Assignment: Beginning with the opening line of the entries, return every line through the one containing "Westminster Dog Show", both included, and nothing else. Omit pictures.

Source material:

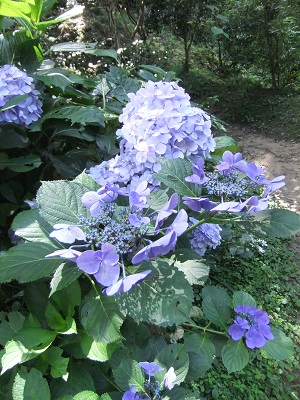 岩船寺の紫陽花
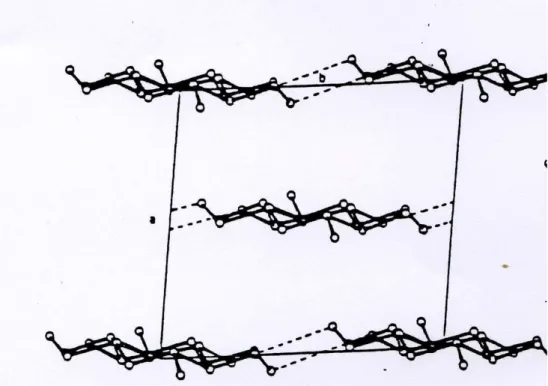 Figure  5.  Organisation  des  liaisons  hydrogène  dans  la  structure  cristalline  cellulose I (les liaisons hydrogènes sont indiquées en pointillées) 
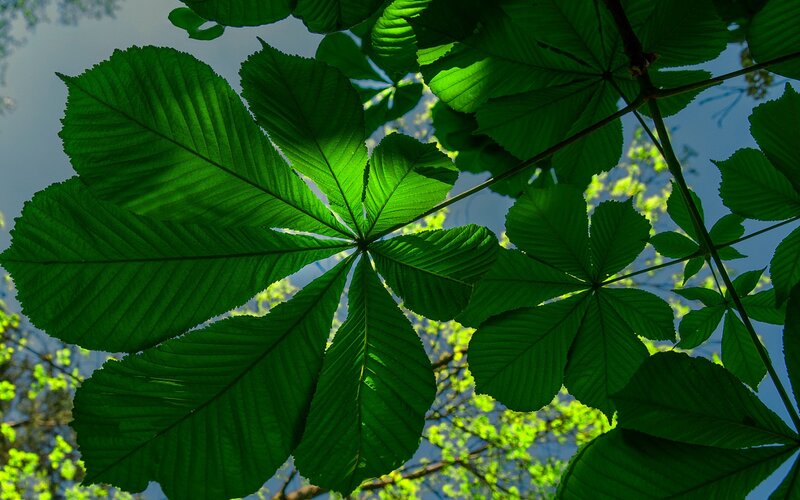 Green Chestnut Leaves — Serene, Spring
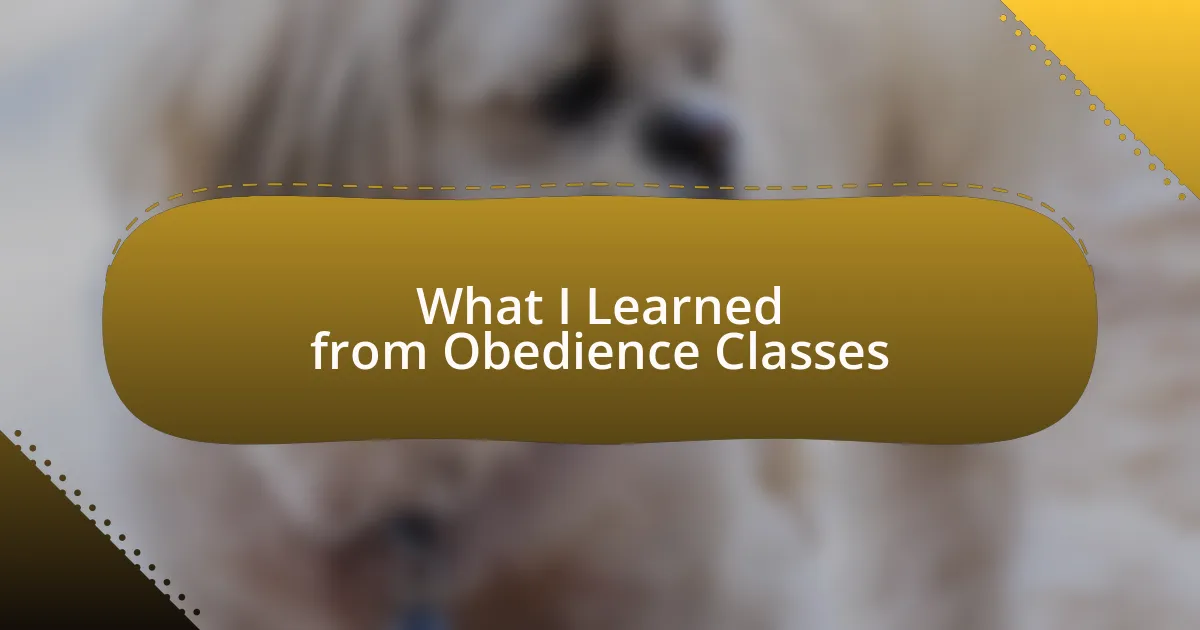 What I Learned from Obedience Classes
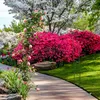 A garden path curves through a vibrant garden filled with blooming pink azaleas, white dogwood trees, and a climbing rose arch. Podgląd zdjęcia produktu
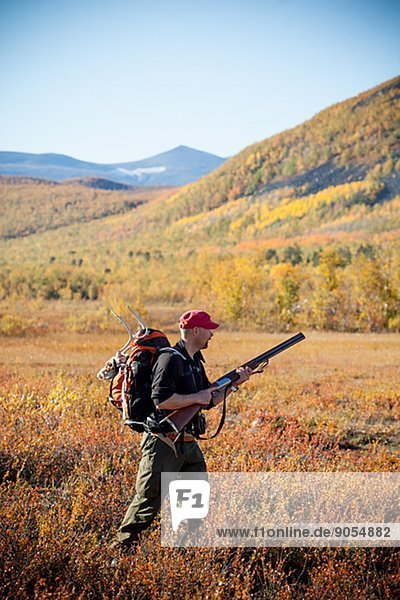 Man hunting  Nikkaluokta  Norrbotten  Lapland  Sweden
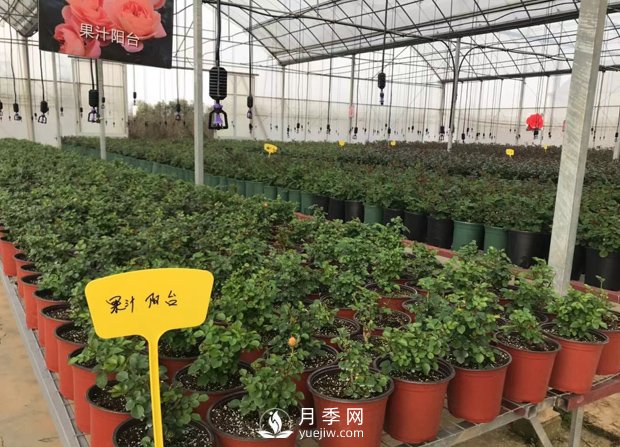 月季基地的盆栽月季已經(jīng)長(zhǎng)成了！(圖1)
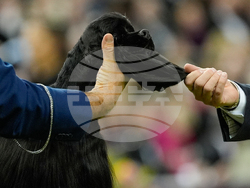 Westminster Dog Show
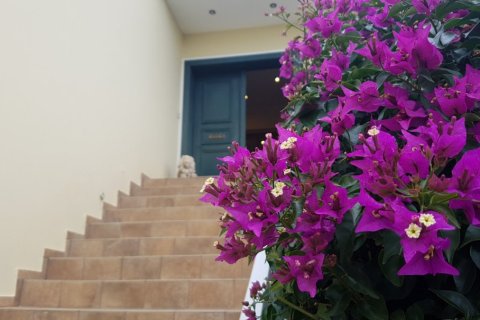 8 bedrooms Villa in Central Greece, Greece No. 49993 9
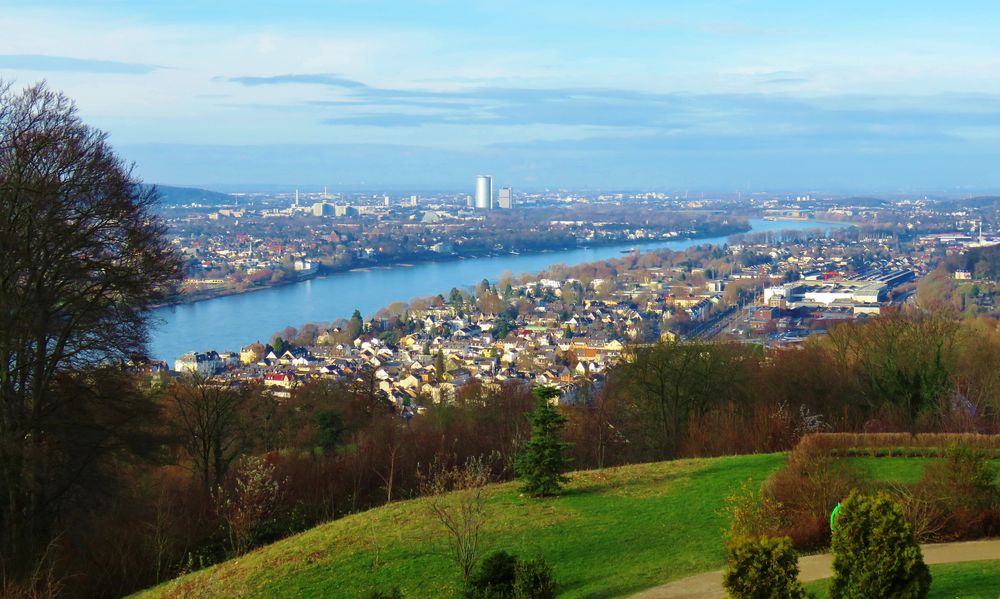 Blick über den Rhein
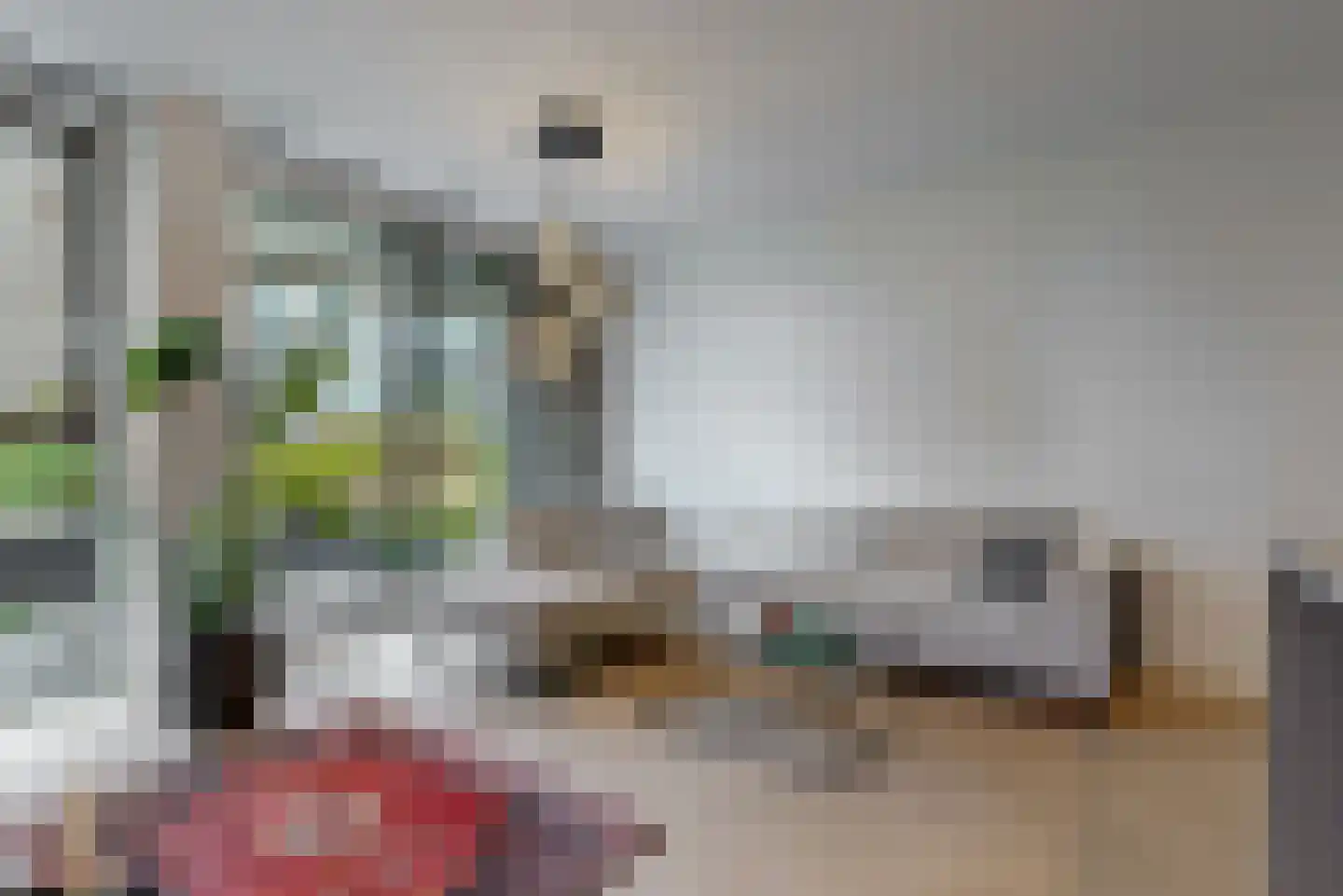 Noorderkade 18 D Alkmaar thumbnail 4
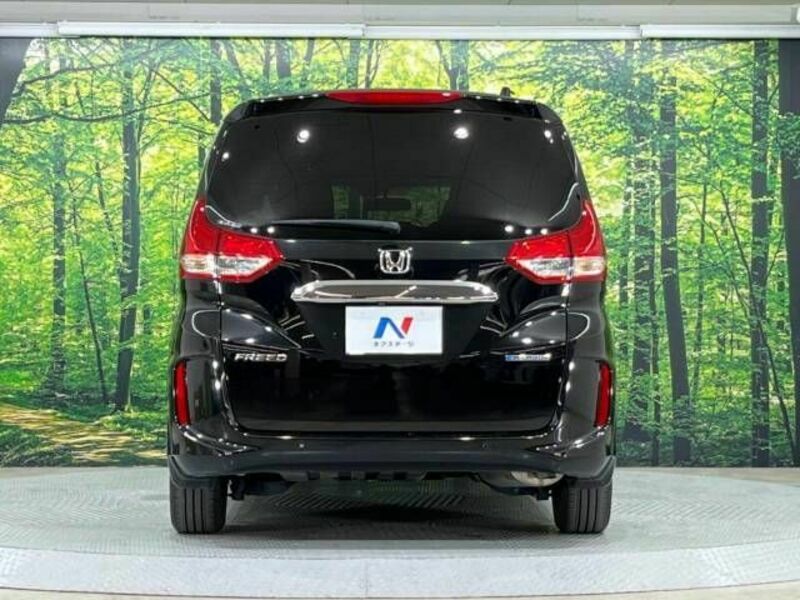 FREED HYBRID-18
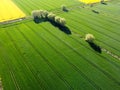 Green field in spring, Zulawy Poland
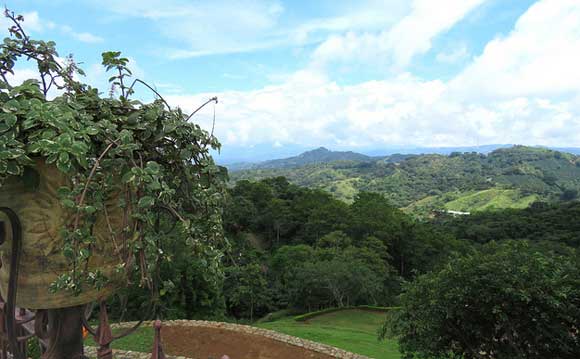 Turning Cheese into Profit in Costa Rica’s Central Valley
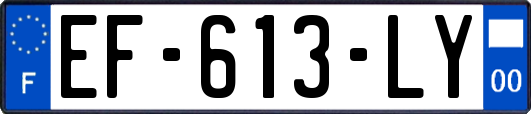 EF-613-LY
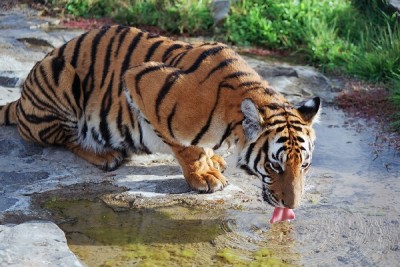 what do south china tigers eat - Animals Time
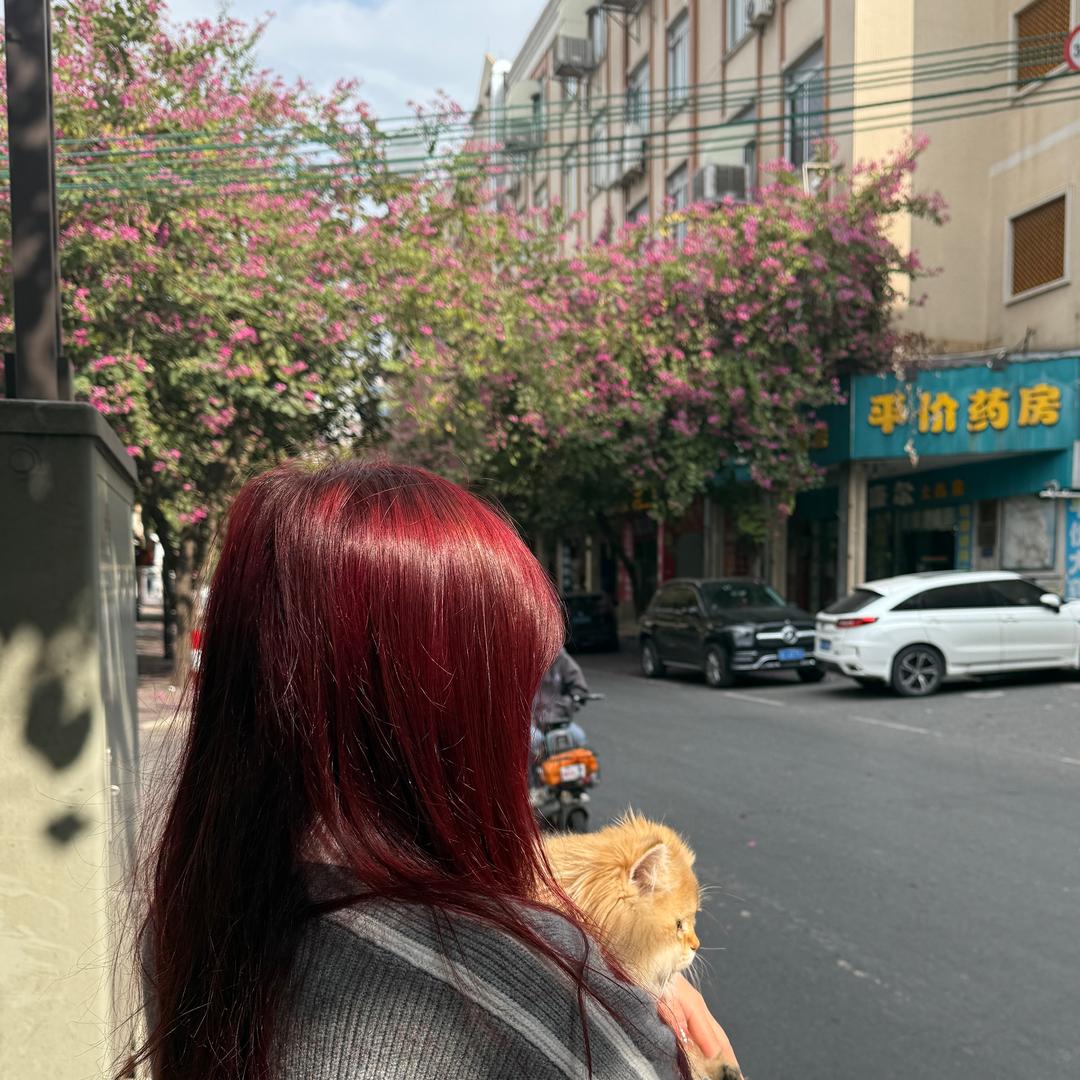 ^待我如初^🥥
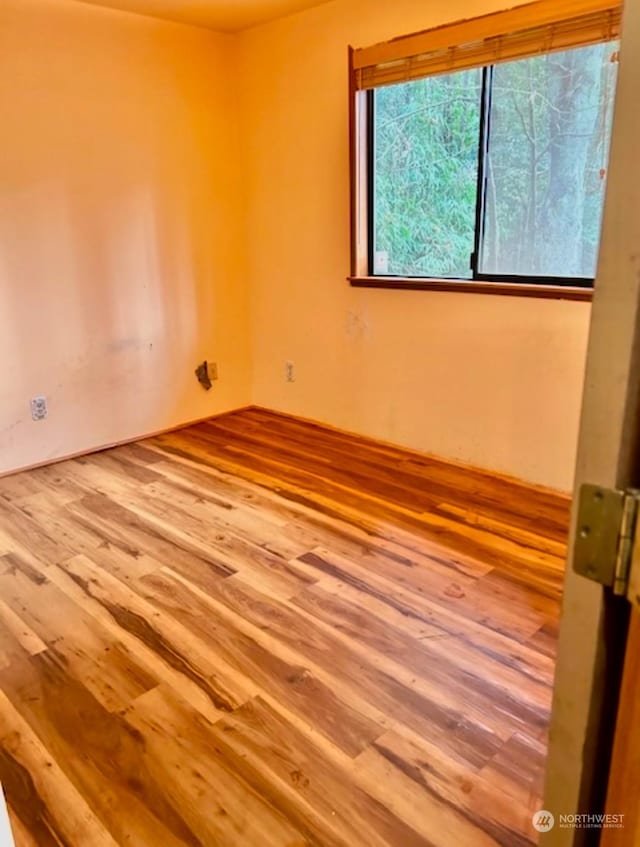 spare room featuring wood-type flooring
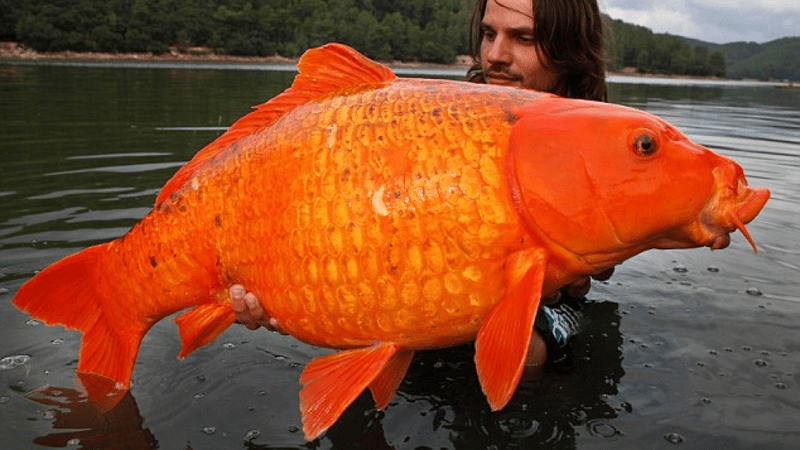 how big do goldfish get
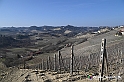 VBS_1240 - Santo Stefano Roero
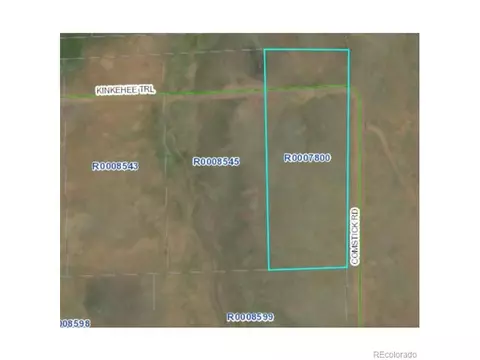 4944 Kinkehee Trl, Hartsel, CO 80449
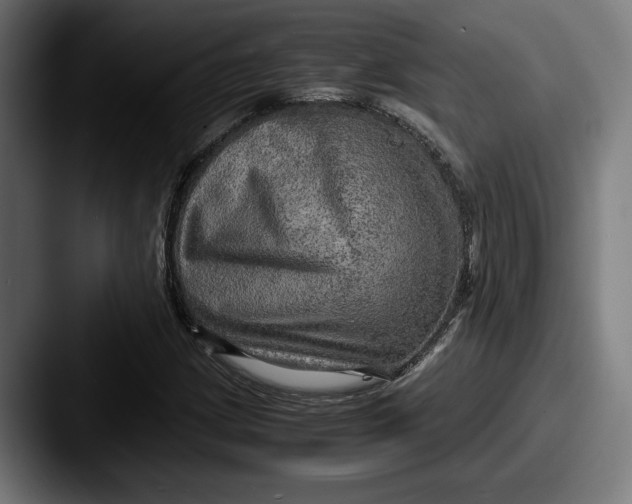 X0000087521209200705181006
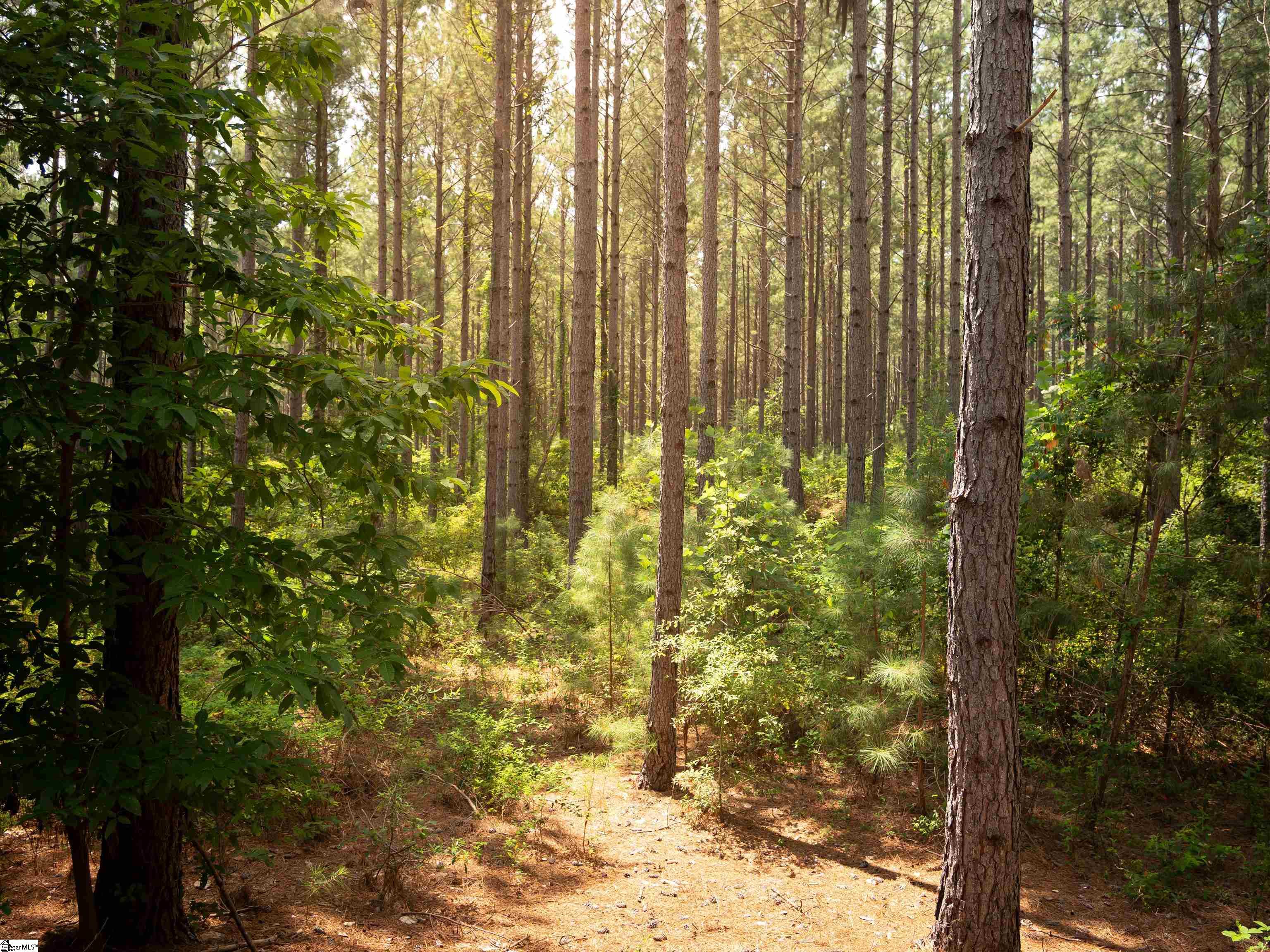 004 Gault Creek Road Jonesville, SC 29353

Answer space:
 岩船寺の紫陽花
 Figure  5.  Organisation  des  liaisons  hydrogène  dans  la  structure  cristalline  cellulose I (les liaisons hydrogènes sont indiquées en pointillées) 
 Green Chestnut Leaves — Serene, Spring
 What I Learned from Obedience Classes
 A garden path curves through a vibrant garden filled with blooming pink azaleas, white dogwood trees, and a climbing rose arch. Podgląd zdjęcia produktu
 Man hunting  Nikkaluokta  Norrbotten  Lapland  Sweden
 月季基地的盆栽月季已經(jīng)長(zhǎng)成了！(圖1)
 Westminster Dog Show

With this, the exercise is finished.